Humanitarian Jordan Hattar discusses Syrian crisis at CMU-Q

Rahma El-Deeb, Staff reporter

Jordan Hattar shares his experience in Syria with Cyrine Darwish, the president of Global Shelters, a student club at CMU-Q that raises awareness about refugees. Photo by Dina Al-Tarawnah.

When humanitarian Jordan Hattar was last in Syria, a little kid asked him: “When you go around speaking, do people really care about us? It feels like the opposite.”

Hattar was invited to share his experiences and impressions of the current state of the Syrian refugee crisis on Oct. 22 at Carnegie Mellon University in Qatar. Now 25, Hattar became interested in humanitarian issues after he took an Arabic language class in high school in Central Coast, California. The source of his inspiration was his Arabic teacher who would talk about Syria and the Arab Spring for the first 15 minutes of every class.

“One day after class, I went to get extra credit, and she was crying… that was probably the moment, if I had to look back, that really changed my life,” Hattar said, explaining how his teacher’s cousins had been killed in Damascus. This moment motivated the young man to devote his life as a humanitarian and start his website,

Help4Refugees raises awareness about the Syrian crisis by sharing Jordan’s work in refugee camps, and allows individuals to donate to a cause that funds mid-wife training and nursing facilities in Idlib, Syria, all of which is run through the non-profit organization, Visions Made Viable. The organization is Jordan’s fiscal-sponsor, which gives his organization non-profit charity status.

Jordan Hattar, the director of Photo by Dina Al-Tarawnah.

When Hattar was a university student, he took a semester off and travelled to Jordan, where he had heard of a refugee camp called Zaatari, named after a prominent family in the Levant, Al Zaatari. He said he became a self-taught journalist in order to gain access to the camp.

Hattar is proud of the progress the camp has undergone in the past five years. When he first travelled there in 2012, the camp had one school. Now, there are 11. But more imperative than education is the need for housing in these camps, according to Hattar.

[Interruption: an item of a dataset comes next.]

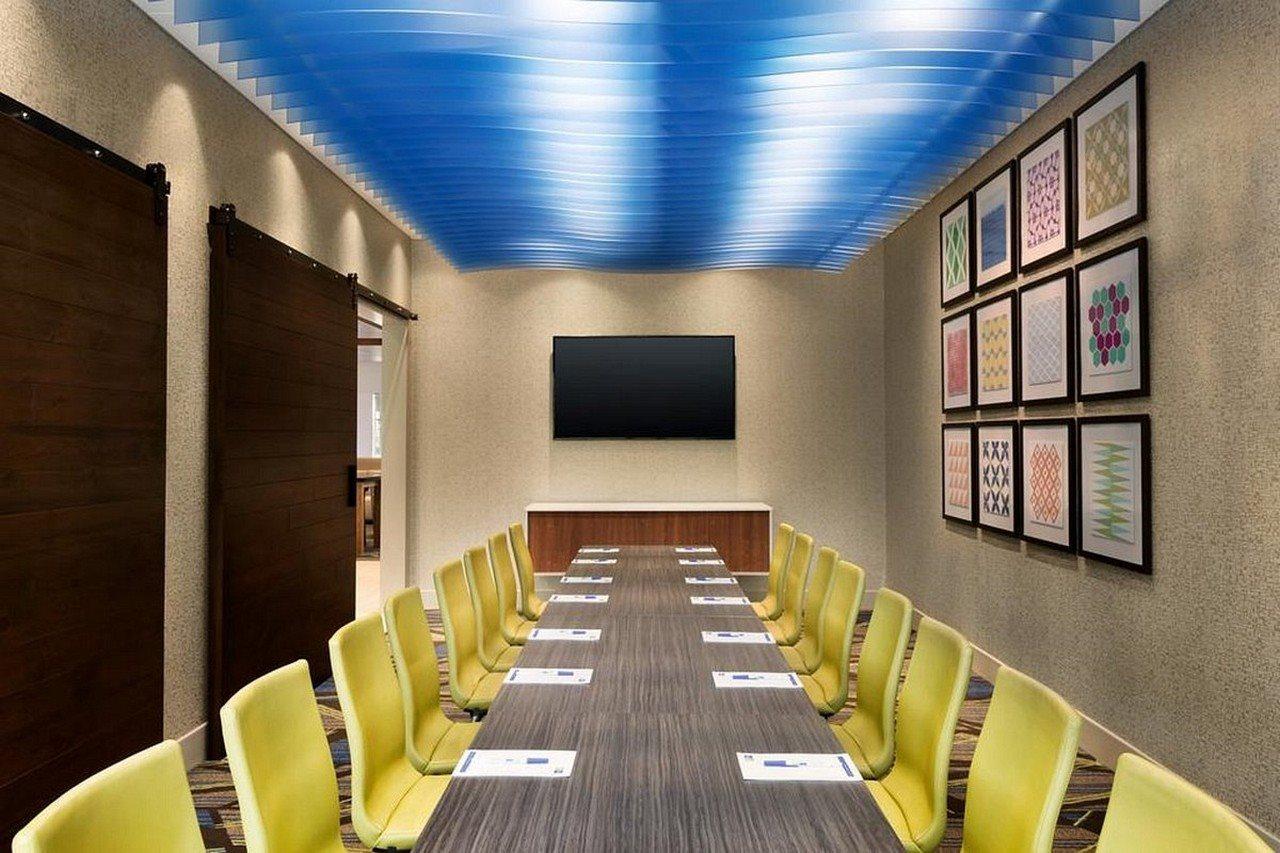 Holiday Inn Express & Suites - Lumberton By Ihg Екстериор снимка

They said we can’t keep living in tents; they kept saying [they need] caravans,” said Hattar.

In response, Hattar partnered with the United Nations High Commissioners for Refugees in order to fundraise and provide caravans for the families.

Meanwhile, Hattar received a master’s degree in international relations and politics from the University of Cambridge in 2016. He then interned for Michelle Obama’s Reach Higher initiative in the White House.

“The reason I wanted to get into the White House with President Obama is that I wanted to share some of these stories… I really do think what’s lacking is a connection; it’s this ‘us vs. them’ thinking,” stressed Hattar, adding that “putting a human touch to the Syrian conflict is what I’m trying to do.”

In his talk at CMU-Q, Hattar also highlighted the significance of making a difference to these families’ lives.

“Someone in the camp told me that delivering these caravans is like putting a drop in the ocean, and I remember being devastated for a couple days,” said Hattar. But his friend disagreed, telling Hattar that, “it might just be a drop in the ocean, but that one drop could be someone’s whole ocean.”

To illustrate this, Hattar called a physician and surgeon practicing in northern Syria, via Skype.

The Syrian doctor works with the Syrian American Medical Society in an underground hospital that was created to protect their medical staff from attacks.

He highlighted many of the challenges they experience on a day-to-day basis, such as lack of funding and security protection. These issues have resulted in the loss of colleagues, either due to death or resignation.

But he said he does not believe in leaving his homeland.

“It’s my duty to help my Syrian people and to do my humanitarian duty and most importantly… to stay with my people in Syria and not leave them when they are in need for me. As Syrian people, if we leave our home, we will lose it forever,” he said.

While writing his master’s thesis, Hattar came to the conclusion that “genocide isn’t spontaneous. It starts by saying that my world is better without you in it… so we have to find creative ways to fight injustice in our communities.”

Correction: Nov. 3, 2017 

The names and details of Hattar’s high school Arabic teacher and the doctor from northern Syria have been redacted to protect their and their families’ safety, at the request of Hattar.